Reputation: 287
I am trying to define a recursive function (to find the Levenshtein distance between two strings). I have defined a dataset by prepending its name to the function's name.
As a possible fix, I tried removing the SQUAD_V11 prefix from the recursive calls.
CREATE OR REPLACE FUNCTION SQUAD_V11.levenshteinDistance(s STRING,t STRING)
RETURNS INT64
AS
(
/* function levenshteinDistance (s, t) { */
/* if (!s.length) return t.length*/
CASE
WHEN (LENGTH(s) = 0) THEN LENGTH(t)
/* if (!t.length) return s.length; */
WHEN (LENGTH(t) = 0) THEN LENGTH(s)
/* return Math.min(*/
ELSE
(SELECT MIN(distances) FROM UNNEST(
/* levenshteinDistance(s.substr(1), t) + 1,*/
[SQUAD_V11.levenshteinDistance(SUBSTR(s,1),t) + 1,
/* levenshteinDistance(t.substr(1), s) + 1,*/
SQUAD_V11.levenshteinDistance(SUBSTR(t,1),s) + 1,
/* levenshteinDistance(s.substr(1), t.substr(1)) + (s[0] !== t[0] ? 1 : 0)*/
SQUAD_V11.levenshteinDistance(SUBSTR(s,1),SUBSTR(t,1)) + (SUBSTR(s,0,1) != SUBSTR(t,0,1))]))
/* ) + 1;*/
END
/* }*/
);
I need to be able to call my function recursively.
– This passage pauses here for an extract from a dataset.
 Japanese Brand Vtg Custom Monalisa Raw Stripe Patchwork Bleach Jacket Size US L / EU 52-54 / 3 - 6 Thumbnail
I should be able to call the function from the function; logically, this should not require different syntax than if I were to call it from a SELECT statement. However, when I try to do this, I get, "Error: Function not found: levenshteinDistance at [15:8]."
Upvotes: 0
Views: 286
Reputation: 173046
Unfortunately BigQuery does not support recursive UDF calls! But you can implement whole recursive logic inside one JS UDF (note: not SQL UDF) and then call it from your SQL
Below is example of such implementation
#standardSQL
CREATE OR REPLACE FUNCTION SQUAD_V11.levenshteinDistance(s STRING, t STRING)
RETURNS INT64
LANGUAGE js AS """
var _extend = function(dst) {
var sources = Array.prototype.slice.call(arguments, 1);
for (var i=0; i<sources.length; ++i) {
var src = sources[i];
for (var p in src) {
if (src.hasOwnProperty(p)) dst[p] = src[p];
}
}
return dst;
};
var Levenshtein = {
/**
* Calculate levenshtein distance of the two strings.
*
* @param str1 String the first string.
* @param str2 String the second string.
* @return Integer the levenshtein distance (0 and above).
*/
get: function(str1, str2) {
// base cases
if (str1 === str2) return 0;
if (str1.length === 0) return str2.length;
if (str2.length === 0) return str1.length;
// two rows
var prevRow = new Array(str2.length + 1),
curCol, nextCol, i, j, tmp;
// initialise previous row
for (i=0; i<prevRow.length; ++i) {
prevRow[i] = i;
}
// calculate current row distance from previous row
for (i=0; i<str1.length; ++i) {
nextCol = i + 1;
for (j=0; j<str2.length; ++j) {
curCol = nextCol;
// substution
nextCol = prevRow[j] + ( (str1.charAt(i) === str2.charAt(j)) ? 0 : 1 );
// insertion
tmp = curCol + 1;
if (nextCol > tmp) {
nextCol = tmp;
}
// deletion
tmp = prevRow[j + 1] + 1;
if (nextCol > tmp) {
nextCol = tmp;
}
// copy current col value into previous (in preparation for next iteration)
prevRow[j] = curCol;
}
// copy last col value into previous (in preparation for next iteration)
prevRow[j] = nextCol;
}
return nextCol;
}
};
var the_s;
try {
the_s = decodeURI(s).toLowerCase();
} catch (ex) {
the_s = s.toLowerCase();
}
try {
the_t = decodeURI(t).toLowerCase();
} catch (ex) {
the_t = t.toLowerCase();
}
return Levenshtein.get(the_s, the_t)
""";
If to apply to dummy data as in below example
WITH `project.dataset.table` AS (
SELECT 'mikhail' string1, 'mike' string2 UNION ALL
SELECT 'jon', 'john'
)
SELECT string1, string2, SQUAD_V11.levenshteinDistance(string1, string2) changes
FROM `project.dataset.table`
result will be
Row string1 string2 changes
1 mikhail mike 4
2 jon john 1
Upvotes: 2